Man en paard

De waarschuwing van bestuursvoorzitter Maurice van den Bosch van het OLVG – dat het een illusie is dat kleinschalige zorgorganisaties gegarandeerd in de lucht kunnen blijven – komt niet uit de lucht vallen. Anna van Poucke bijvoorbeeld (KPMG Plexus) stelde dit de afgelopen jaren al meerdere malen.

Interessant is nu de toevoeging die Van den Bosch erbij geeft, dat kleinere ziekenhuizen weliswaar kunnen blijven bestaan, maar dat het de vraag is of ze alles moeten blijven doen. Hij stelt dat we toe moeten naar zo’n dertig centra die de complexe acute zorg als speerpunt hebben. Met andere woorden: de andere ziekenhuizen dus niet.

Ook die discussie is niet nieuw. Alleen werd die altijd gekleurd door de stelling dat een ziekenhuis zonder acute zorg eigenlijk geen echt ziekenhuis meer is. Ziekenhuizen die de acute zorg dreigden te verliezen, wierpen dit in de strijd als argument waarom de acute zorg kwijtraken simpelweg niet kón. De patiënten zouden dan onvoldoende waarde hebben van wat overbleef.

Het is simpelweg te kostbaar om acute zorg in ieder ziekenhuis overeind te houden

Het is tijd om van die stelling nu maar eens afscheid te nemen, en daarom is het goed dat Van den Bosch op dit punt man en paard noemt. Het is simpelweg te kostbaar om die acute zorg in ieder ziekenhuis overeind te houden. Nog afgezien van de vraag of er bij een beperkt patiëntaanbod personeel voor te vinden is.

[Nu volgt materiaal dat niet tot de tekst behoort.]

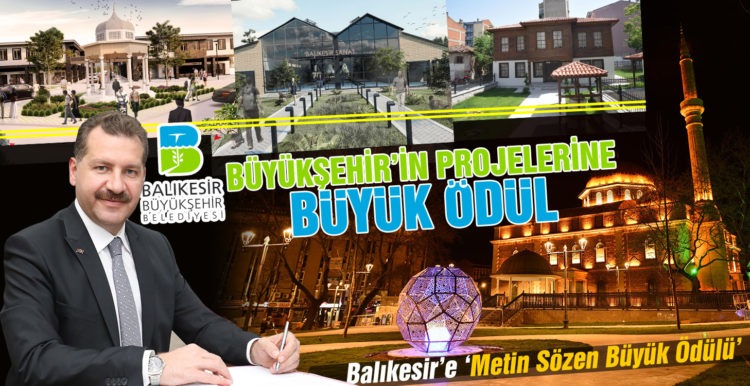 Büyükşehir in projelerine büyük ödül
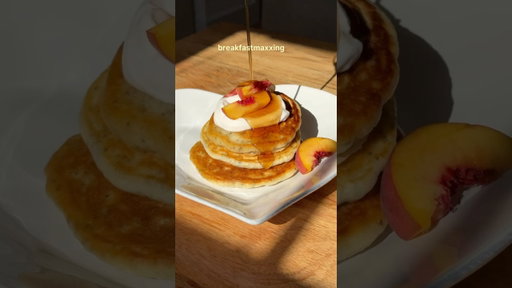 just a girl who loves her breakfast 🍑 xx #veganrecipes #healthyrecipes #pancakes #breakfast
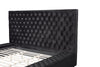 Prague Black Velvet Queen Upholstered Storage Platform Bed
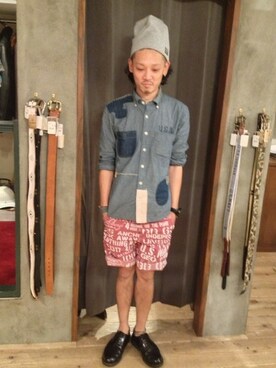 KARASAWAさん（メンズ・173cm）の夏コーディネート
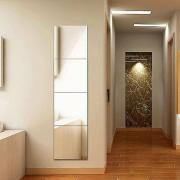 Wholesale 4x Glass Mirror Tile Wall Sticker Square Self Adhesive Stick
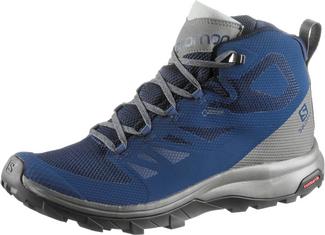 Salomon OUTline Mid GTX Wanderschuhe Herren medieval blue-castor gray-green milieu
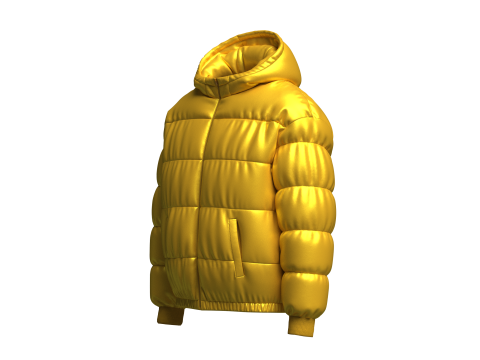 Mens Puffer Jacket 3D Model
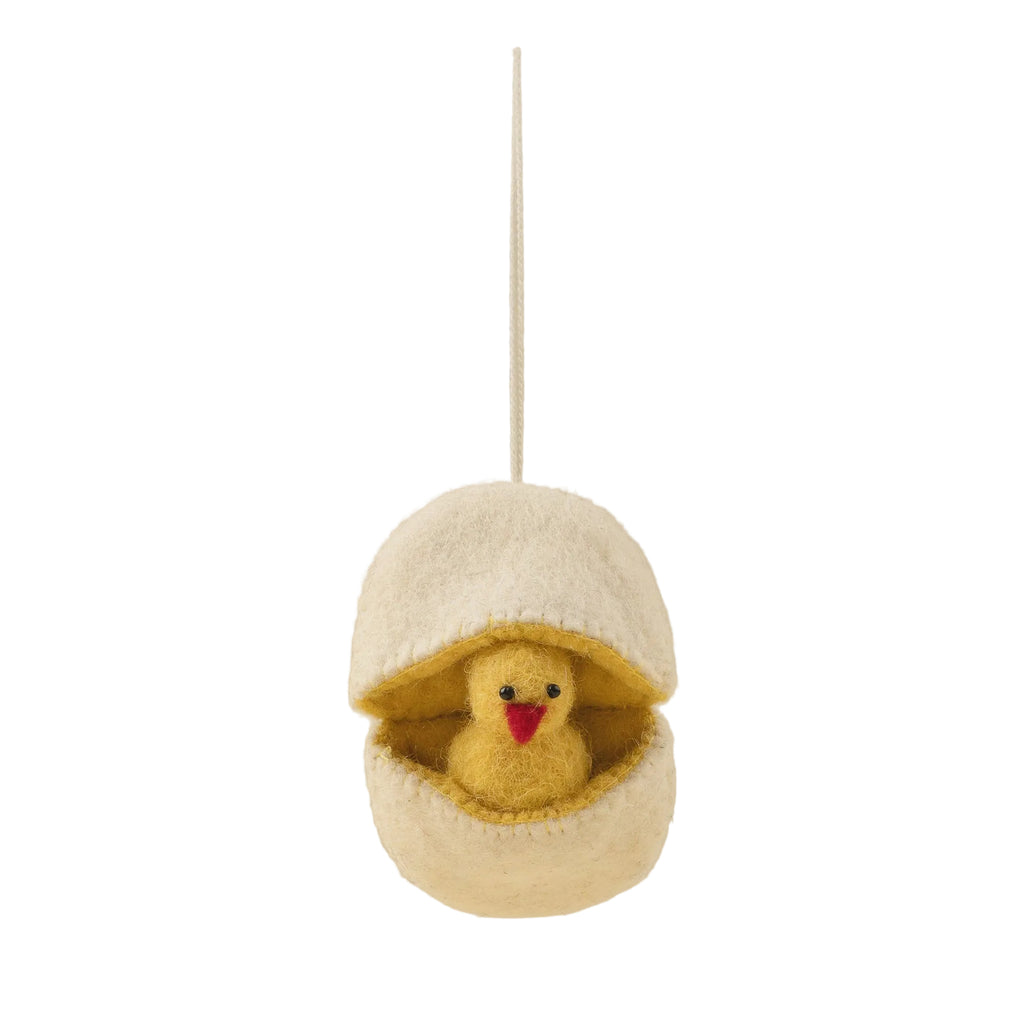 Hatching Felt Chick Ornament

Dat dit betekent dat het steeds belangrijker wordt om werk te maken van samenwerking in regio’s en netwerken, is duidelijk. Patiënten die hoogcomplexe zorg nodig hebben, hebben immers ook vaak laagcomplexe problemen die moeten worden behandeld. Topklinische centra gebruiken dit als argument waarom ze geen afstand kunnen doen van de laagcomplexe zorg. Als ze goed samenwerken in regionale netwerken, bestaat hier echter zeker ruimte voor. Ook zij moeten dus keuzes maken in hun zorgaanbod.